=== Exercise data ===
╭──

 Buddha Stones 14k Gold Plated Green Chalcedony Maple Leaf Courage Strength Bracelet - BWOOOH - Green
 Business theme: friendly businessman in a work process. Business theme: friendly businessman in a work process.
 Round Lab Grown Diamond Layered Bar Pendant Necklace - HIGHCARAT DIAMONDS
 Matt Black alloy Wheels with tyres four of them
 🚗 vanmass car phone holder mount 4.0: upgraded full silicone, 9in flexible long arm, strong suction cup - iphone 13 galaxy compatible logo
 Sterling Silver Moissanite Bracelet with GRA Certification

╰──
╭──

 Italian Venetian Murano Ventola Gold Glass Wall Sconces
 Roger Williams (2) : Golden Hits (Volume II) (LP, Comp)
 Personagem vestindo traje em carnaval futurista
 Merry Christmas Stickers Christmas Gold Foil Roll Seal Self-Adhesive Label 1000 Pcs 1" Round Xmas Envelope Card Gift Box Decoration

╰──
╭──

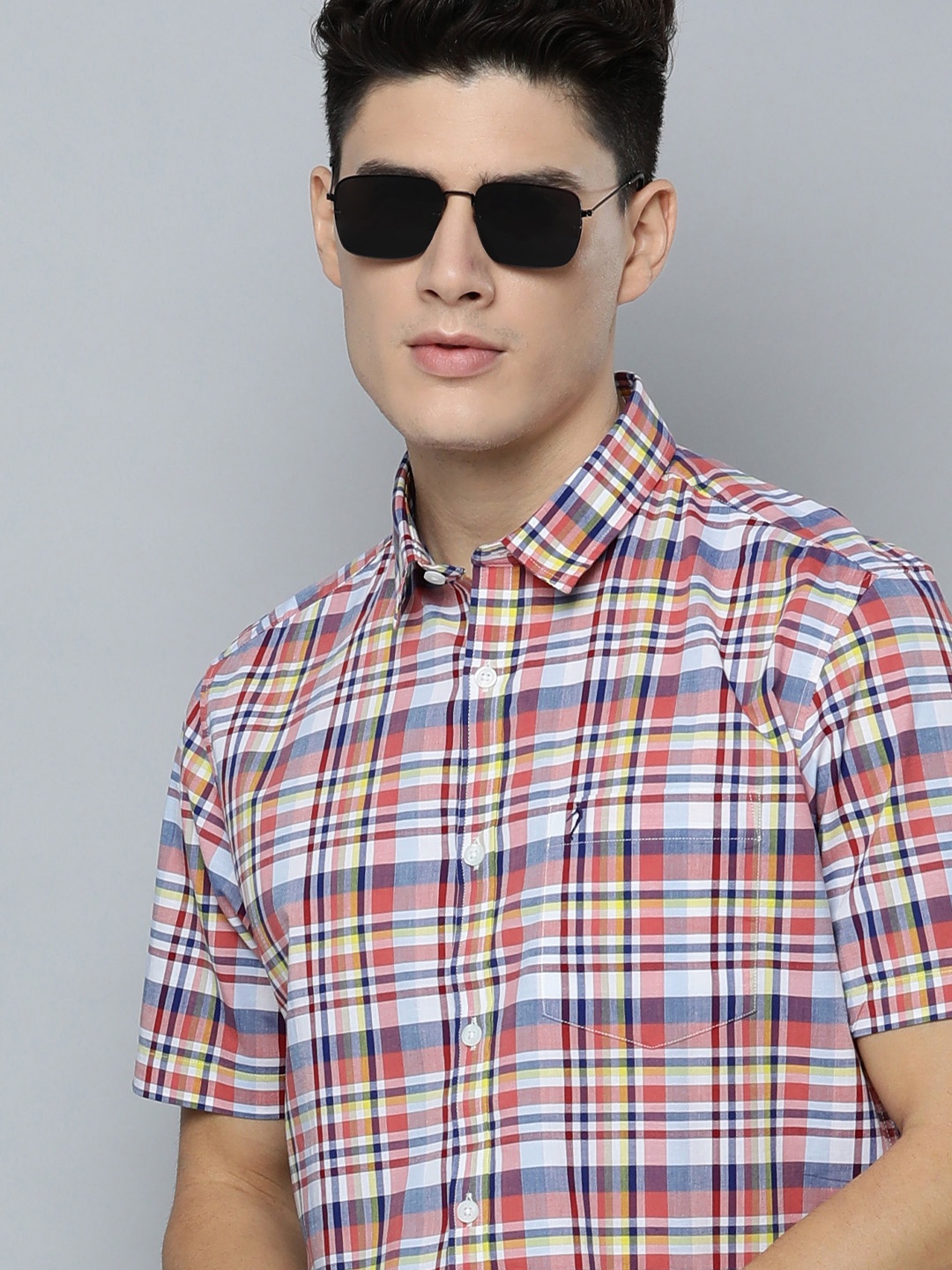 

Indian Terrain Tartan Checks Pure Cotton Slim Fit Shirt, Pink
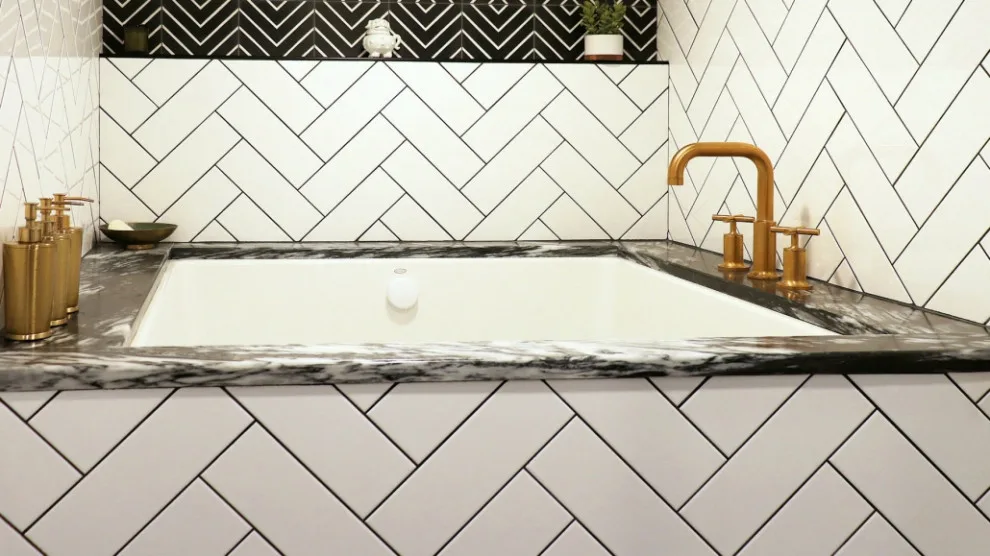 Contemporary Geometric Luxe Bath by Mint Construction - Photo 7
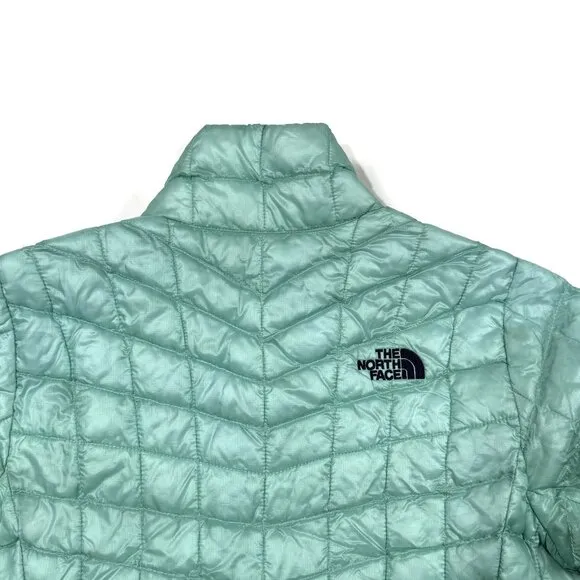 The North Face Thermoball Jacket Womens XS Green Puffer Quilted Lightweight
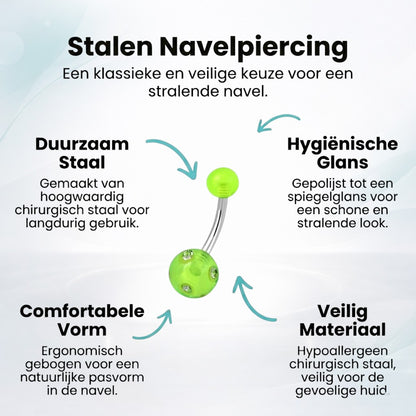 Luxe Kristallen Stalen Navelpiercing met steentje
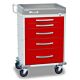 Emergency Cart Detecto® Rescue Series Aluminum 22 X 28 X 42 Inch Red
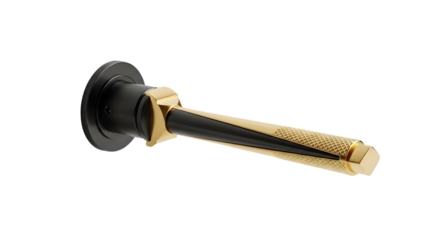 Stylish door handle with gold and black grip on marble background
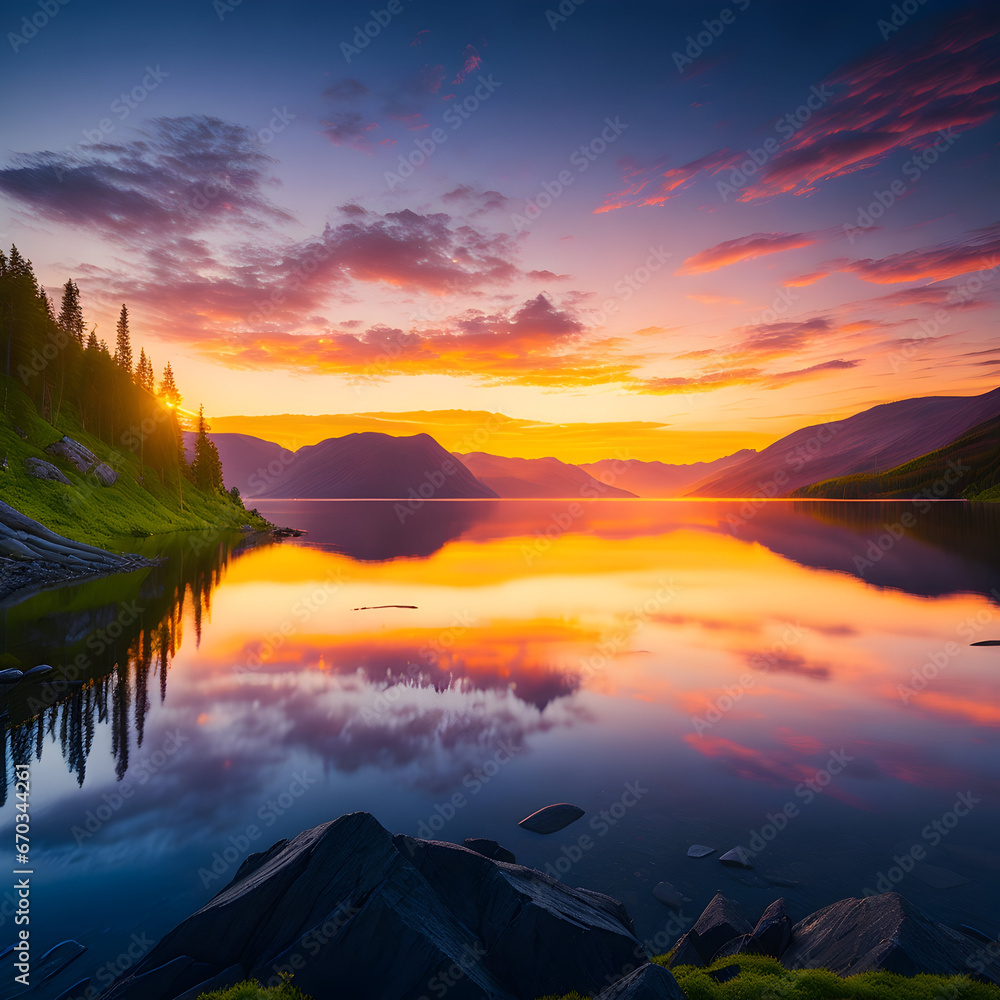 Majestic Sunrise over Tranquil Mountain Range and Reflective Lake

╰──

=== Problem details ===
Take every line above that includes "Bracelet" and list it.

=== Problem solution ===
 Buddha Stones 14k Gold Plated Green Chalcedony Maple Leaf Courage Strength Bracelet - BWOOOH - Green
 Sterling Silver Moissanite Bracelet with GRA Certification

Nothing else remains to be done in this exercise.